**WHAT IS BEING ASKED**
The lines below, from the one holding "NUT CRAVINGS - Easter" through the final line, are to be copied exactly, with no other lines and no pictures.

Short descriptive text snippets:
....
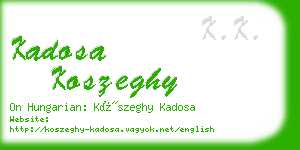 kadosa koszeghy business card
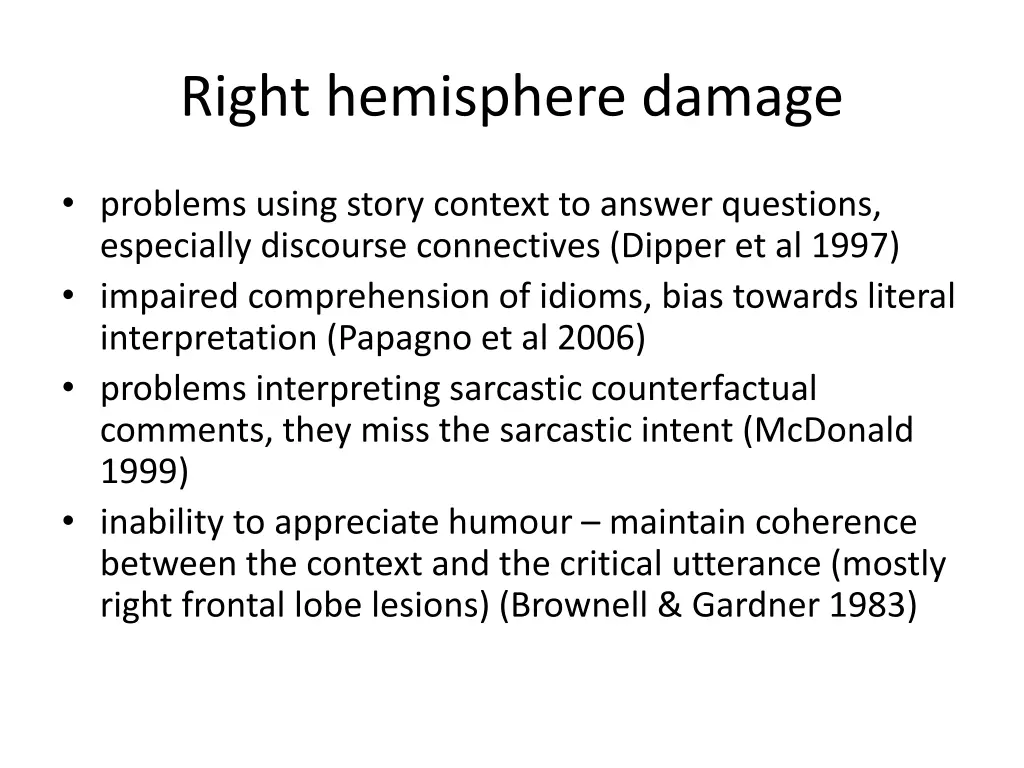 right hemisphere damage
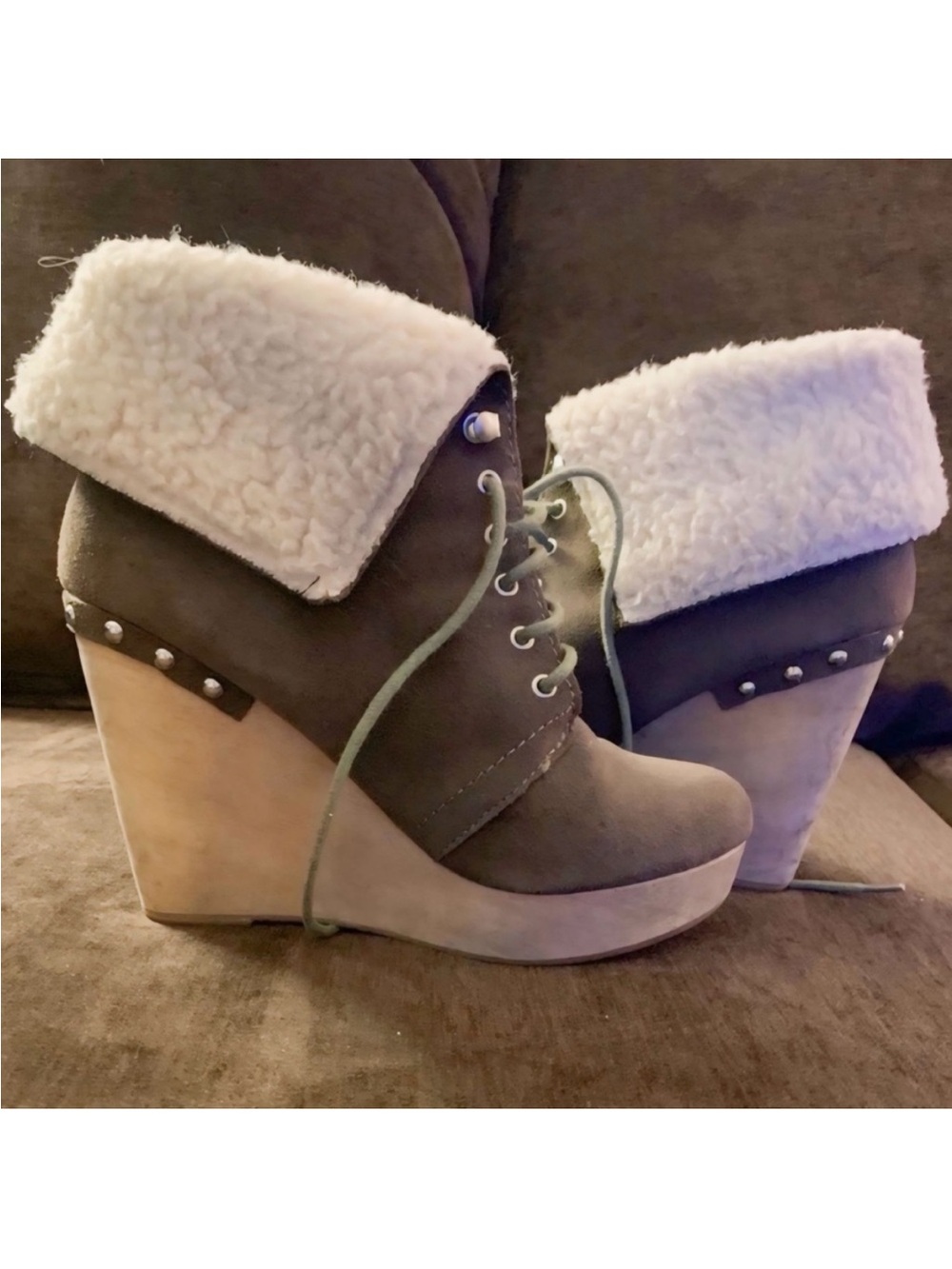 naughty monkey Gray / Olive Green Wedge Bootie. Women's size 7.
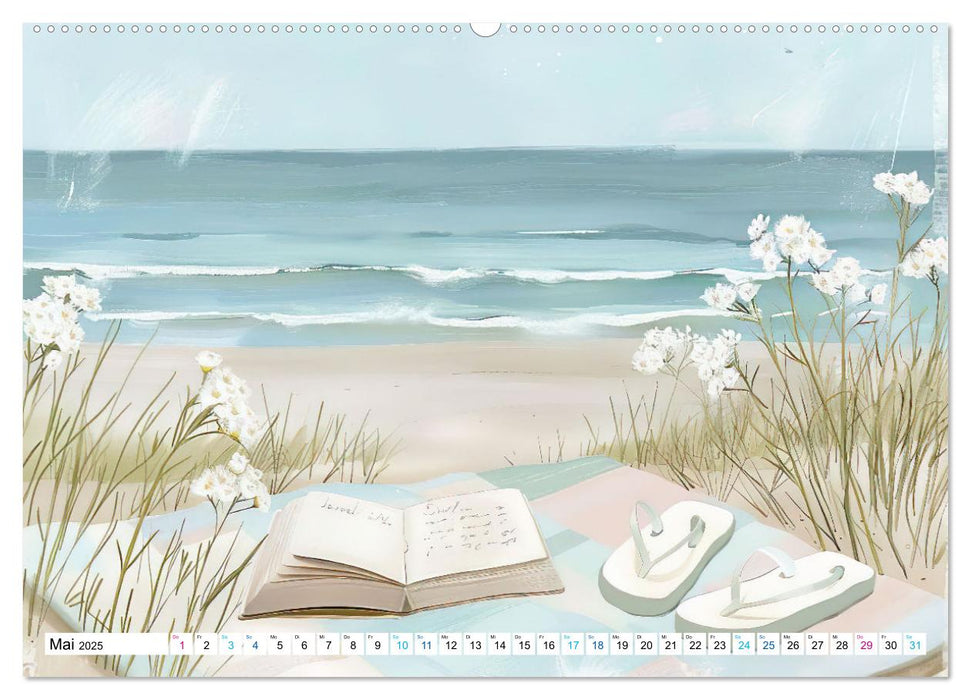 Strandträume in Aquarell (CALVENDO Wandkalender 2025)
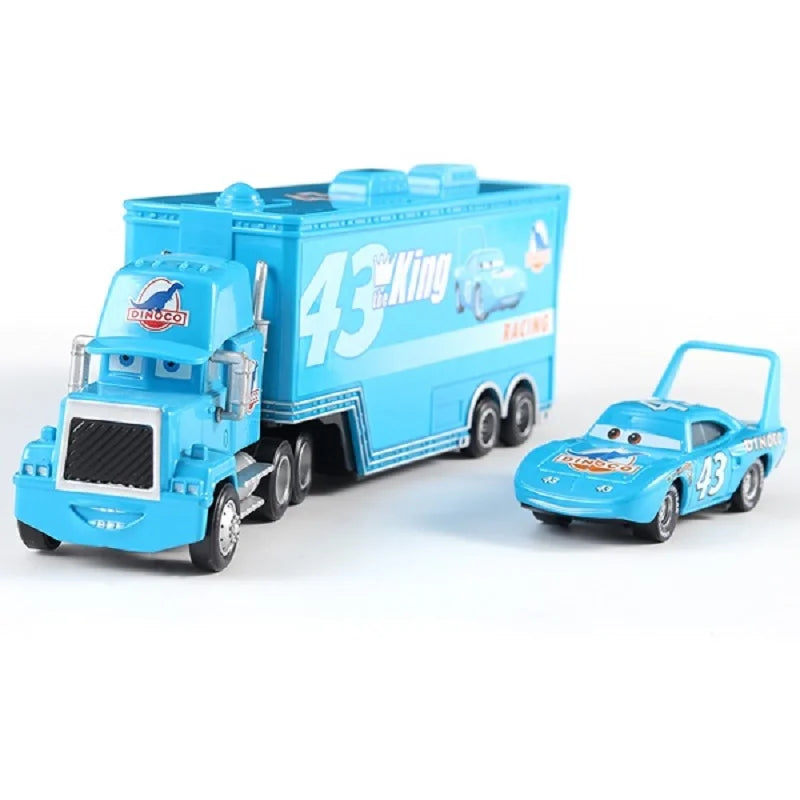 Disney Pixar Cars 3 Lightning McQueen, Jackson Storm, Cruz Ramirez, Hudson Mack Truck & Chick Hicks Toy Set Atypical Journey Store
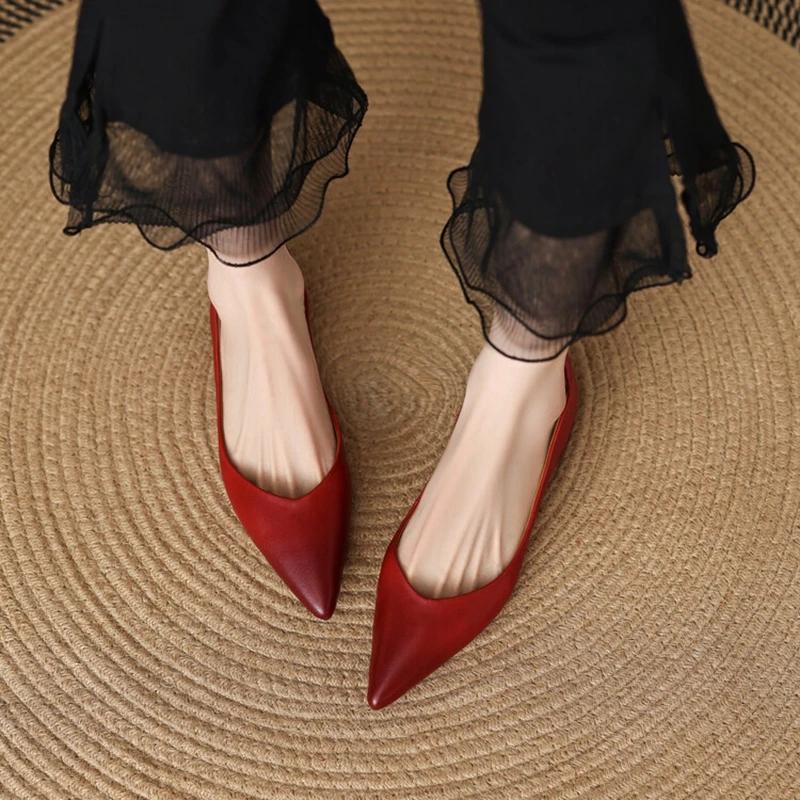 Fashion NEW Autumn/Spring Women Pumps Genuine Leather Shoes for Women Pointed Toe Low Heel Shoe Concise Slip-on Plus Size Handmade Shoes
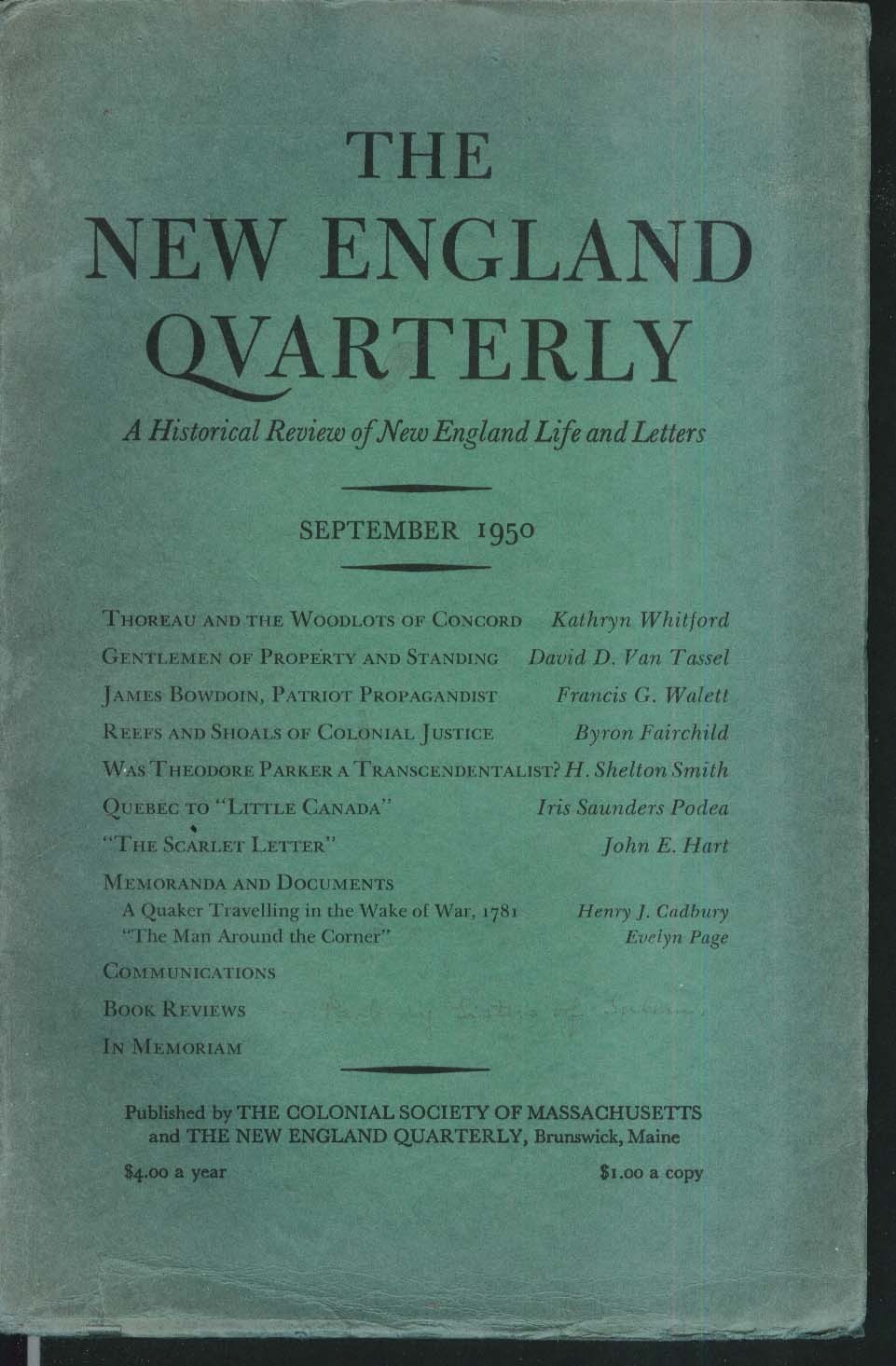 NEW ENGLAND QUARTERLY Kathryn Whitford Byron Fairchild John E Hart ++ 9 1950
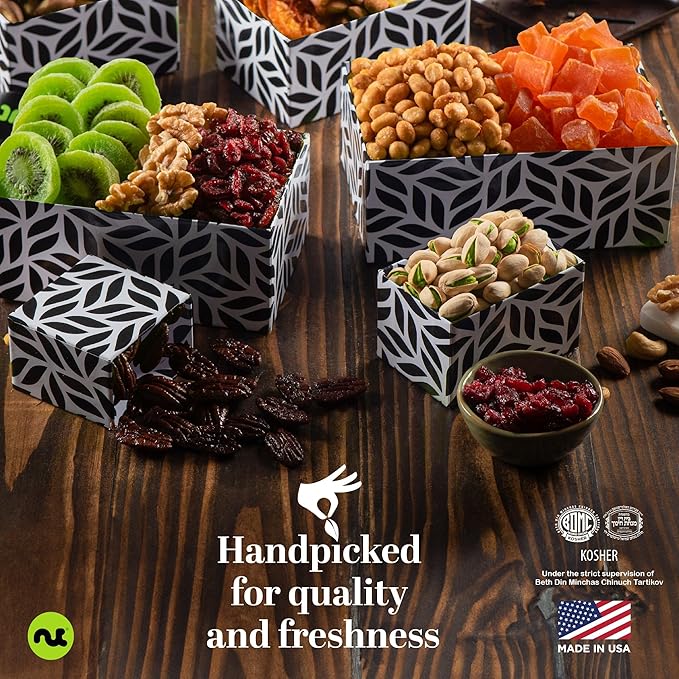 NUT CRAVINGS - Easter Dried Fruit &amp Mixed Nuts Gift Basket Leaf Tower + Ribbon (12 Assortments) Ramadan Gifts Saint Patrick's Day Food Arrangement Healthy Snack Care Package Kosher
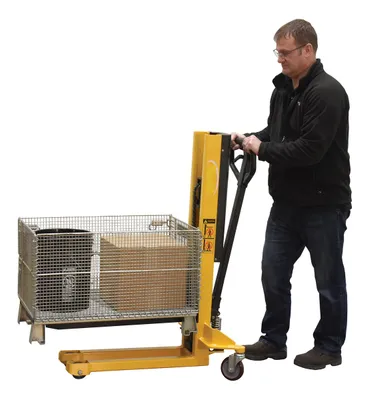 Vestil VHPS-NM-600-39 single fork skid positioner lifter shown from an alternate angle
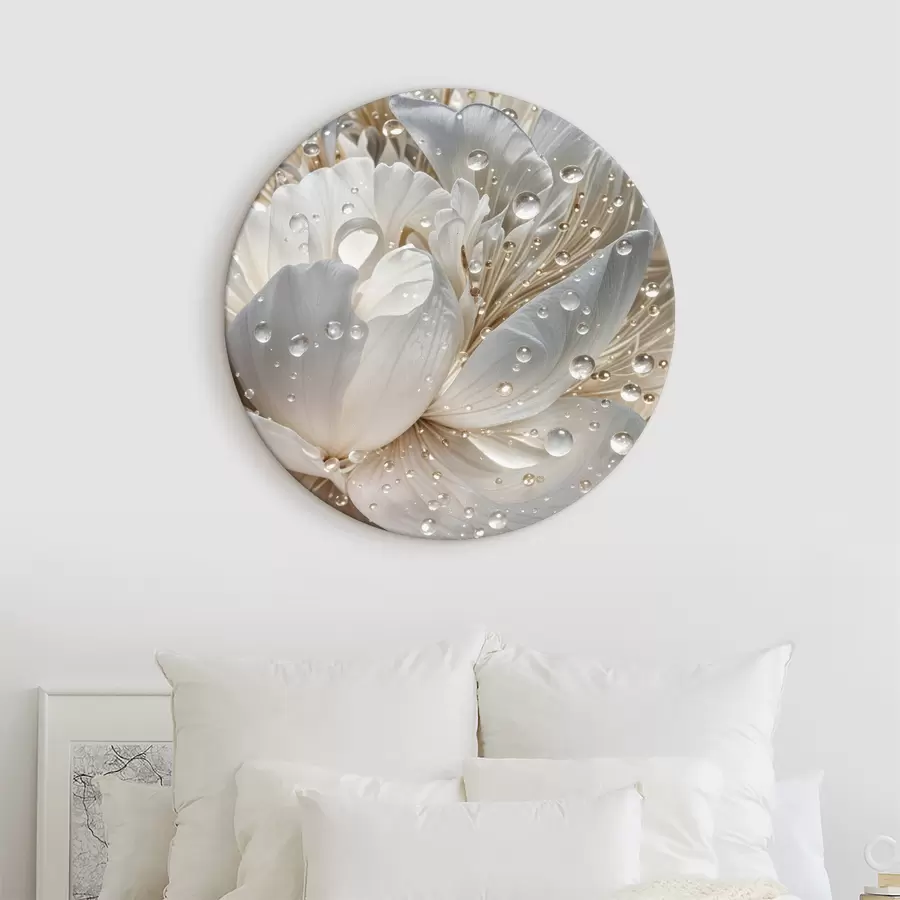  Peintures Gros plan d'une fleur de pivoine blanche avec des gouttes d'eau sur les pétales, sur fond flou r40539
....
**RESULT FOR THIS EXERCISE**
 NUT CRAVINGS - Easter Dried Fruit &amp Mixed Nuts Gift Basket Leaf Tower + Ribbon (12 Assortments) Ramadan Gifts Saint Patrick's Day Food Arrangement Healthy Snack Care Package Kosher
 Vestil VHPS-NM-600-39 single fork skid positioner lifter shown from an alternate angle
  Peintures Gros plan d'une fleur de pivoine blanche avec des gouttes d'eau sur les pétales, sur fond flou r40539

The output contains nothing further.